Role of the church Like Catholicism and Orthodoxy, Mormonism assigns considerable authority to church tradition and ecclesiastical leadership. Latter-day Saints emphasize the authority of an institutional church, which in all Mormon denominations derives from the
Church of Christ established by Joseph Smith in 1830. Latter-day Saints believe this church to be the "only true and living church". Below Jesus as the head of the church is a single man chosen as the "
Prophet" who holds the position of
President of the Church. The Prophet has been compared to the
Pope in Catholicism because both, within their respective faiths, are regarded as the leading authority. Latter-day Saints also believe in apostolic succession. However, Latter-day Saints believe the Catholic line of succession is invalid because of a
Great Apostasy that occurred soon after the era of the apostles. The line of succession was restored through Joseph Smith when biblical prophets and apostles appeared to him and ordained him through the
laying on of hands with lost priesthood authority. Thus, Latter-day Saints believe that non-Mormon clergy has no heavenly authority and that sacraments performed by clergy of other faiths are of no effect in the eyes of God. Latter-day Saints reject the Protestant doctrine of the "
priesthood of all believers", but they consider all
confirmed Latter-day Saints to have the "Gift of the Holy Ghost" (also conveyed by the laying on of hands), which entitles believers to
spiritual gifts but to no ecclesiastical authority.
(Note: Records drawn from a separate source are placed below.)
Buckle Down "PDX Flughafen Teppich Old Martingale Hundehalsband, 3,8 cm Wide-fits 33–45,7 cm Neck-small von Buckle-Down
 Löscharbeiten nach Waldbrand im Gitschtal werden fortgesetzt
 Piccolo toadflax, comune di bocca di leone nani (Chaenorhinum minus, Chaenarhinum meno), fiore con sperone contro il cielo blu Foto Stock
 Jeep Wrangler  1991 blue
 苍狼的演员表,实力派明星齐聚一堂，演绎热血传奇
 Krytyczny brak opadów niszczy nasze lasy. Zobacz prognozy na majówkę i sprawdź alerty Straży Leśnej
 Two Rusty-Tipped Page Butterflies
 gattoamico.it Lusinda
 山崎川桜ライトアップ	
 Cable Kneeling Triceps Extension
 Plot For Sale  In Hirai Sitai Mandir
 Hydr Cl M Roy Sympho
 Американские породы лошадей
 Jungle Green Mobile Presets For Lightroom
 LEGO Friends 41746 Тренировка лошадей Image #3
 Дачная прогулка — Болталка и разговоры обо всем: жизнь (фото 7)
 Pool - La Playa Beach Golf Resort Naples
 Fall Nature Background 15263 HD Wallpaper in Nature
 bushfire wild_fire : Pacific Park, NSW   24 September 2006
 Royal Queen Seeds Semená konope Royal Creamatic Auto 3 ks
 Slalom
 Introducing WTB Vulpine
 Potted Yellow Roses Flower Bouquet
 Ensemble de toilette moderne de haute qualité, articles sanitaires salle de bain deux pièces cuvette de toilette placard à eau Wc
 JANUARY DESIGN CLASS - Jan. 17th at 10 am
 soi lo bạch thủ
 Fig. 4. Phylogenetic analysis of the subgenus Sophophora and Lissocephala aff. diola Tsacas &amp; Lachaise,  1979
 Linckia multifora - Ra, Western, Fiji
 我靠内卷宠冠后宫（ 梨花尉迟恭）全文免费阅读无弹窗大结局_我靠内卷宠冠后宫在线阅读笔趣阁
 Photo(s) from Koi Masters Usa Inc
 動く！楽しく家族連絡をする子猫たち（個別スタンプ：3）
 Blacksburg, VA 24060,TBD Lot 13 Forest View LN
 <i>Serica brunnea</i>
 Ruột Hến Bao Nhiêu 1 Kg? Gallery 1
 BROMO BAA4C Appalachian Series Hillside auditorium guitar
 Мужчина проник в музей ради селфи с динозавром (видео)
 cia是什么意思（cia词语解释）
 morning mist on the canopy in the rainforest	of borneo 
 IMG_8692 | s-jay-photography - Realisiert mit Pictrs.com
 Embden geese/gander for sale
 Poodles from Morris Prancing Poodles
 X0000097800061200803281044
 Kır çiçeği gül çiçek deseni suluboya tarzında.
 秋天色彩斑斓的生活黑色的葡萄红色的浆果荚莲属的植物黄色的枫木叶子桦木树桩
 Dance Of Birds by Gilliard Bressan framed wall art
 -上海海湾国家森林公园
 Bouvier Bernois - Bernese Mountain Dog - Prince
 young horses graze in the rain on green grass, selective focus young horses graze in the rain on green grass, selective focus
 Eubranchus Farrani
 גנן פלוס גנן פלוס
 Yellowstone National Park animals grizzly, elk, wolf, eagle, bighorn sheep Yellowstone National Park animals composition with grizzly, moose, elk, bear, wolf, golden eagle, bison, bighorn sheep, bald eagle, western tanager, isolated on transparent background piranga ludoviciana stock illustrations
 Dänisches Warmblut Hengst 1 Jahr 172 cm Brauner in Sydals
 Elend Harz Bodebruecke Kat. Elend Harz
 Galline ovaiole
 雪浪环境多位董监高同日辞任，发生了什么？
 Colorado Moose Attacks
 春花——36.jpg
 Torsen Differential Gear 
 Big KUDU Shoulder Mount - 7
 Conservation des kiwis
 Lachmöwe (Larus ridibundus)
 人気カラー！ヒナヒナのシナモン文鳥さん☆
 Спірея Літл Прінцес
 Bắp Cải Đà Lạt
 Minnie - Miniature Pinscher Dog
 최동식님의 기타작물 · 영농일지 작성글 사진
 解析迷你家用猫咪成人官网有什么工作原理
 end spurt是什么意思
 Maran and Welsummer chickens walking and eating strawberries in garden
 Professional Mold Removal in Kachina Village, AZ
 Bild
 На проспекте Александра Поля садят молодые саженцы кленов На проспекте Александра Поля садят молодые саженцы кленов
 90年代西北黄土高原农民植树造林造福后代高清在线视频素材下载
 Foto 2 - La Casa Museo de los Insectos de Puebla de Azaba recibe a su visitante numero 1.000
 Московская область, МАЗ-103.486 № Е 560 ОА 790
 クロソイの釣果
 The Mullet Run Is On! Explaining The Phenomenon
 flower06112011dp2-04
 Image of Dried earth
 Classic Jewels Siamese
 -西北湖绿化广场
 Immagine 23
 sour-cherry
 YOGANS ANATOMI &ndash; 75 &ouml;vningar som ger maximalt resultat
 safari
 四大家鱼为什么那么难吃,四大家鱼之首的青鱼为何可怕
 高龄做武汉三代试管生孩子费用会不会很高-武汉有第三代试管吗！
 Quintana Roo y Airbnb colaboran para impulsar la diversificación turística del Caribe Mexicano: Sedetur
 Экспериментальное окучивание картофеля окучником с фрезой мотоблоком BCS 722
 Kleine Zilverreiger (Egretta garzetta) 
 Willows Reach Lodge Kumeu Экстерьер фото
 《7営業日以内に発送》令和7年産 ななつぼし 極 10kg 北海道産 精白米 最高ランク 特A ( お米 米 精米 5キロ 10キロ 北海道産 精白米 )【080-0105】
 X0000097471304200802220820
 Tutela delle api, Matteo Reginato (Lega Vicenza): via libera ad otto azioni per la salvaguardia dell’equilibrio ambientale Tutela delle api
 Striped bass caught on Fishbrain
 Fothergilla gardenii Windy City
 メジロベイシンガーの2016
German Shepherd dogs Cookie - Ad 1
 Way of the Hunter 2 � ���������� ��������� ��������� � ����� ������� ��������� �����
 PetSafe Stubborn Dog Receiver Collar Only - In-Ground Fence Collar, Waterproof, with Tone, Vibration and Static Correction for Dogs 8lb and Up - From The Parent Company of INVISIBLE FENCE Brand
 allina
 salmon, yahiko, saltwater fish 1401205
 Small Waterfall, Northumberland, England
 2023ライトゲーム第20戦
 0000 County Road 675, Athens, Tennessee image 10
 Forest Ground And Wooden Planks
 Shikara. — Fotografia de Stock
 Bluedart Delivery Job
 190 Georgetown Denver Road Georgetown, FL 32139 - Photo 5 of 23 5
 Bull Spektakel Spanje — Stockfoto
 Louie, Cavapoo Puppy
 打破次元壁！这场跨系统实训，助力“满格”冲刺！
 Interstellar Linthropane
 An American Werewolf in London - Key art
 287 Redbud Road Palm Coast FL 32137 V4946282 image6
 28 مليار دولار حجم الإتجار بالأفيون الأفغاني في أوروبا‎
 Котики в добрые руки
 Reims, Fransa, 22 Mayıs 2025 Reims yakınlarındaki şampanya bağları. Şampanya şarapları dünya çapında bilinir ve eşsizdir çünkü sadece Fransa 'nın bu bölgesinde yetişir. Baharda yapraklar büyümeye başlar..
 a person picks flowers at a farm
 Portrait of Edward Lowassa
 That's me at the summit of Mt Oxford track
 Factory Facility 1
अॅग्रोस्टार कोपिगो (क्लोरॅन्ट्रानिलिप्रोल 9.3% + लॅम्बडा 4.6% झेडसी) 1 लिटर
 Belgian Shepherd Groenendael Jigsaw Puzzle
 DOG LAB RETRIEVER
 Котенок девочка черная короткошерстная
Mormon neo-orthodoxy Some claim that in the late-20th century, a conservative movement within the LDS Church (called "Mormon neo-orthodoxy" on the analogy of an earlier Protestant
neo-orthodoxy) emphasized the Book of Mormon over later revelations and embraced original sin, an absolute, eternal, and unchanging God, a pessimistic assessment of human nature, and a doctrine of salvation by grace rather than by works. Despite the book's importance to early Mormonism, early Latter-day Saints rarely quoted from the Book of Mormon in their speeches and writings. Joseph Smith's later teachings and writings focused on the Bible, including his own revision and commentary of the
Authorized King James Version. The book was not regularly cited in Mormon
conferences until the 1980s. In 1982, the church subtitled the book "Another Testament of Jesus Christ" to emphasize that Jesus was a central focus of the book and that the book is intended to be a complement to the Bible. Although Mormon neo-orthodox scholars say they have faced "resistance" from Mormon orthodoxy, some perceive the direction of the movement to be consistent with a broader trend among the LDS hierarchy to present Mormonism in terms more acceptable to mainline Christianity. Critics argue that because Mormonism is not based on an authoritative systematic theology, and much of Mormon scripture was written when Mormonism was "essentially trinitarian", Mormon leaders and apologists have been able to deny that at least some of 20th-century orthodox Mormonism represents official Mormon doctrine. It is also claimed that LDS Church publications and a few Mormon scholars have increasingly used the language of Nicene Christianity to describe the nature of God. The existence and implications of the movement continue to be debated. Theologian
Richard Mouw asserts that Latter-day Saints have downplayed some of its more "heretical" doctrines to obtain a more effective dialogue with other Christians.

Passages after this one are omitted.